Of all the temples we saw, I think Scott's favourite was Banteah Srie, which is made of pink sandstone and has the most delicate filigree and sculpture work of any in Cambodia. I fully recommend a trip out there. My favourite was Ta Prohm, the jungle temple. We saw it during a rainstorm, which pinned everyone into a couple spots inside. Ignoring the wet, Scott and I ran through the ruins, reveling in the mystical atmosphere and finding the most incredible scenes, where banyon roots were locked in age-old battle with stone walls, ancient libraries and crumbling towers. This is the temple that was used during the filming of Tomb Raider and certainly deserves all the attention it got. Another favourite was Preah Khan. Its very large and some remarkable finds can be made within its walls. Possibly the best was a soaring banyon tree that stood on a 3-metre stone room, completely apart from everything else, as though it were planted there by one of the Hindu gods.

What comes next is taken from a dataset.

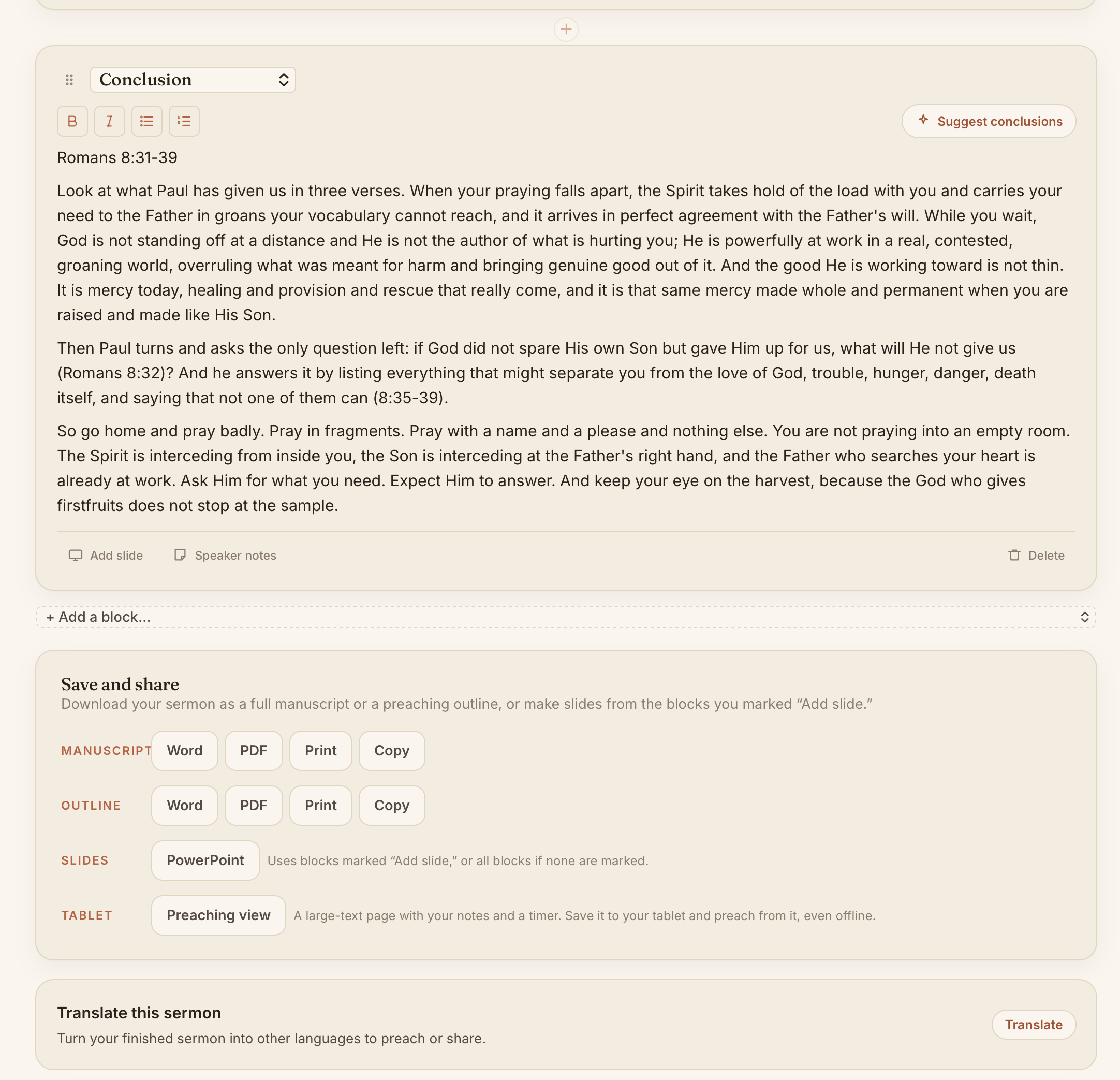 The Sermon Builder in use: a Conclusion block with its type menu, a Suggest button and speaker notes, and one-tap export to Word, PDF, PowerPoint slides, print, and a preaching view.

That night was Scott's second last and of course we had to see the nightlife of Siem Reap. We found the oddest club. Upon entering this circular nightclub everyone was seated, watching a few couple slow dance on the central dance floor. The entire club was lit only with blacklights and I could barely see Scott's face, let alone other people or a place to sit. Once we sat, about 10 beer labels were frantically thrust in our faces by Cambodian girls all trying to convince us that their brew was the best. We settled on the slightly over-sweet Angkor Beer and settled in to watch how Cambodians party. Suddenly hip-hop came on and all the chairs cleared. It was as if the entire bar had been ordered onto the dance floor. 15 minutes pulsing minutes later Cambodian traditional music came on and about half the people stayed on the floor to walk around the dance floor in a circle in lines three abreast. Then came more sappy music and a few slow dancing couple. This cycle repeated itself throughout the night and Scott and I were most amused by it. The only time we were brave enough to dance was when some House music came on in place of the hip-hop. Then we were in our element and had a ball.
Next day we fought off the hangovers and took a hellish boat trip to Phnom Penh.